In the world we're headed into, truth is gone. Making an honest judgment based on your best evaluation of the evidence available to you is gone. You will parrot the current insanity that some authoritarian demands, or suffer the consequences. In that world, we really need HN, to keep our sanity, and to avoid the complete destruction of our moral character.

And if you really think that's the world we're headed to, do you think converting HN into all-anti-Trump-all-the-time is really going to be the difference between ending up there and not ending up there?

Just noting: I'm giving this some thought, it's a good question.

Though for the most part, the short answer is that HN would be either irrelevant, irredeemably corrupted itself, and/or a tool for the abusive power of that world.

Which is to say that fighting against that outcome is paramount.

The evil that is to be fought is far more than just one person. But by fighting that orientation (it's not an ideology, it's simple power-lust) is essential.

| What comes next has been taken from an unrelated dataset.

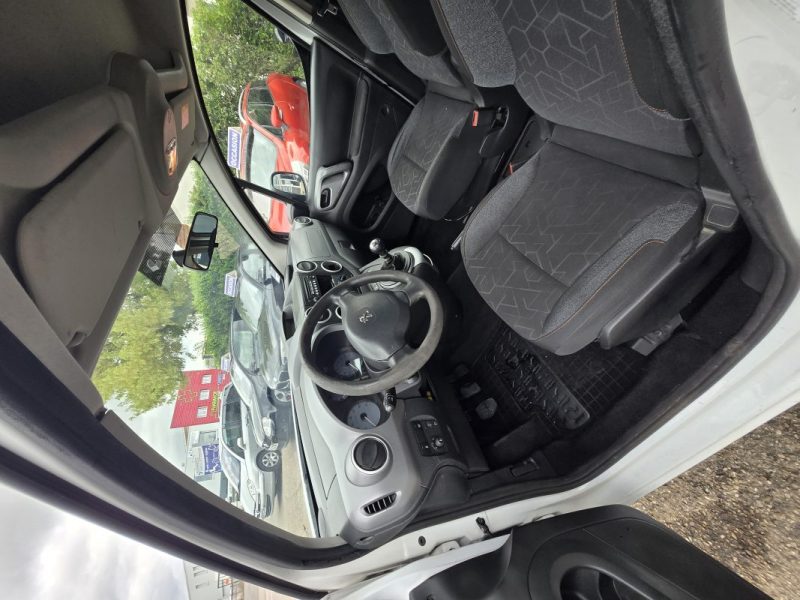 PEUGEOT PARTNER 2017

HN has had its critics going back to its origins. I'm tending to think jwz was right.

I've heard from others who were themselves prominent on HN that they're finding the site no longer tolerable, and I ask myself whether or not it is at least weekly, if not more often. And as much as I've admired much of what dang does here, there's some which makes my hair stand up. Including what he has, and has not, said in this thread.

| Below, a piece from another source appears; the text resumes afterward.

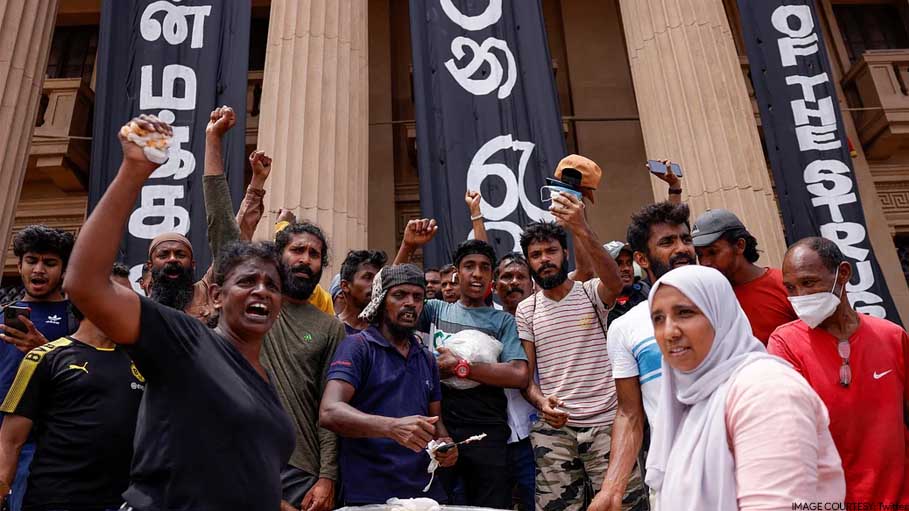 Sri Lanka President Says "Non-Violent Protests" to Continue after Lockdown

(This is only a partial answer, and I hope to give it more consideration and justice soon.)

Is the flagging of articles an absolute number? How does the article get 100+ upvotes but still flagged? Does it mean it early hit the flag threshold to get flagged and later got the votes, or that the flags continue to outweigh the upvotes?
I'm happy to answer but I don't think I quite understand your question!
I was curious if the 'flagged' note that is added to articles is triggered based on a ratio of "flag"/upvotes or if it is a flat number.

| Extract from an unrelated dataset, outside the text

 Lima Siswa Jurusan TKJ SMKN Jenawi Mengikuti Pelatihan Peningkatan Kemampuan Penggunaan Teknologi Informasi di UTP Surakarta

To clarify an example of what I mean:

For example, if the maximum flag ratio: is 0.5, and if an article has 10 flags / 19 upvotes, then the ratio of 10/19 is > 0.5 and the flag gets triggered.

Or maybe it's just a flat number, such that any article with >20 flags is flagged.

I'm sure it's more complicated than either example, but was just curious if you could share the approximate way the 'flagged' note is added to articles?

Ah ok. It's definitely not a flat number—it depends on both flags and upvotes.

As you say, it's more complicated than a simple ratio, but I guess you could call it ratio-like :)

Thank you for the reply.
Yep, all the times presidents of countries make scam coins for their citizens. Amongst other current events. This shit isn't normal.
I don't think I said it was normal.
Hey, at least we got to see what NetBSD looked like on a JavaStation before the collapse. I'm sure voting-age US citizens will really appreciate the tech caucus' focus on the real issues facing a rapidly modernizing society.

"bongodongobob, why is the president's decentralized technology defrauding American citizens?"

"Dunno, haven't you ever wondered why FastDOOM is fast though?"

I argue that is most crypto stories period. Good to know that politics is the line people die on though when the predient does it and then we just have to ignore it.
It really depends on the specific story. I agree that most of those threads are as you describe.